In downtown Palo Alto is an ornate 1893 Queen Anne with a single corner tower. Tucked between a single-story commercial mall and a four-story parking lot at 418 Florence St., the home was relocated from its original location on the corner of Bryant Street and University Avenue to clear space in the busy commercial district in the years immediately following the city’s incorporation in 1894.

And Palo Alto’s Queen Anne towers aren’t always round, either. The home at 2275 Amherst St. has a square tower and pyramid roof. Another at 510 Waverley St. has a hexagonal tower facing the rear door of Starbucks.

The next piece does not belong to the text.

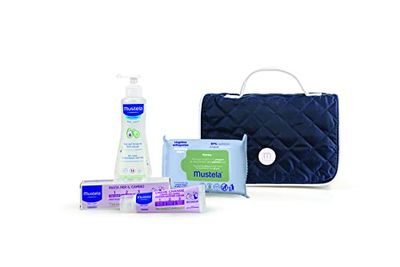 Mustela Set Neceser 2024, Bolsa y Estuche con Productos para el Baño, Cuerpo, Cabello, Cambio de Pañal, Bebés y Niños Pequeños - Desde el Nacimiento, Idea de Regalo para Recién Nacidos (Azul)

In addition to the large Queen Annes, single-story cottages also were built with minor stylistic flourishes, such as those located at 1215 Stanford Ave. and https://www.pastheritage.org/inv/InvS/Stanford1229.html 1229 Stanford Ave. These smaller cottages are called “restrained Queen Annes.” One common feature most all Queen Annes shared at one time was their bright exteriors. A Queen Anne’s colors could brighten even the stiffest Victorian. The 1890s Queen Annes of Palo Alto have been variously colored over the years, but most now are subdued.

The city’s most notable and best example of a “fanciful full-blown Queen Anne” is located at 1023 Forest Ave., which at one time was located just outside the city limits. The house has mismatched round towers at both front corners. The larger right-hand tower had a conical roof, made of copper, which was destroyed in the 1906 earthquake, perhaps by a collapse of the adjacent brick chimney. Stored for years in the basement, the cap was eventually scrapped for metal in World War I, and the tower now has a flat roof. The façade is far from symmetrical but does have both unique and repeating trim patterns, enhanced by the detailed blue and white paint scheme. The home has been called “the Grande Dame of Crescent Park.”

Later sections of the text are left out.